ThisIsTheFirstStep · 12/10/2018 07:05

Black women are pressured into chemically relaxing their hair to make it socially acceptable. But I don't see anyone saying they want to boycott the local stores that stock these products. It's only Muslim women that seem to need protecting in this way. How very convenient considering they are the one group that everyone feels are fair game these days.

OhTheRoses · 12/10/2018 07:06

Well religious fundamentalism didn't do much for Irish women. I think that's the concern - choice is great; imposition from a n idol or their representatives is not.

Oliversmumsarmy · 12/10/2018 07:06

I think I mix with a different sort of people.

Most of DDS male friends wear make up.

And not all women wear make up.

Yet I can count on one hand the women I know who do wear it.

The point I was trying to make up thread is their seems to be one rule for one and another rule for another.

How many young girls in hijabs have been asked to remove their head covering before going into a store.
And how many children are asked to remove hats and hoods before entering the same store

Havaina · 12/10/2018 07:08

ThisIsTheFirstStep

Agreed, it's prejudice wrapped in faux concern. These women couldn't give a shit about Muslim women and I doubt they have a single Muslim friend.

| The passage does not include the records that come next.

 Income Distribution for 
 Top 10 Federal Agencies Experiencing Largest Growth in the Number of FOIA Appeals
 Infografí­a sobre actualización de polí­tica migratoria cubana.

ThisIsTheFirstStep · 12/10/2018 07:08

chardonnay there have been MILLIONS of threads on here complaining about little girls being dressed in an overtly sexualised manner, knee boots, mini skirts, crop tops etc.

Don't know the trends in the UK, but here in Korea, there are little girls wearing heels every day, no not high ones, but definite heels that mean they can't run or even walk very far. So yes, it is a thing.

Havaina · 12/10/2018 07:11

Oliversmum - sorry for not giving a shit if a white male feels butt hurt that he can't wear his hoodie in store.

Have you ever complained to M&S about this egregious policy?

Havaina · 12/10/2018 07:14

Oliversmum - you're like the white man on a show about racism on TV who claimed he knew what it was like to be a victim of prejudice, because M&S didn't stock his size shirt.

ThisIsTheFirstStep · 12/10/2018 07:14

havaina right? I never understand this argument. Oh no you can't wear a hoody, someone call Amnesty straight away.

gamerwidow · 12/10/2018 07:15

This isn’t about whether or not women should wear a hijab ( they can do what they like).
It’s about whether it’s appropriate for a primary school uniform.
It isn’t in the same way that nail polish, make up and high heels isn’t.
However I do see that the idea it is for primary school children is a misconception based on a comment on the site rather than the M&S marketing and on that basis I think it’s fine. Fwiw as an atheist I think the hijab and other forms of religious dress are daft but if you want to wear one I respect your right to do so.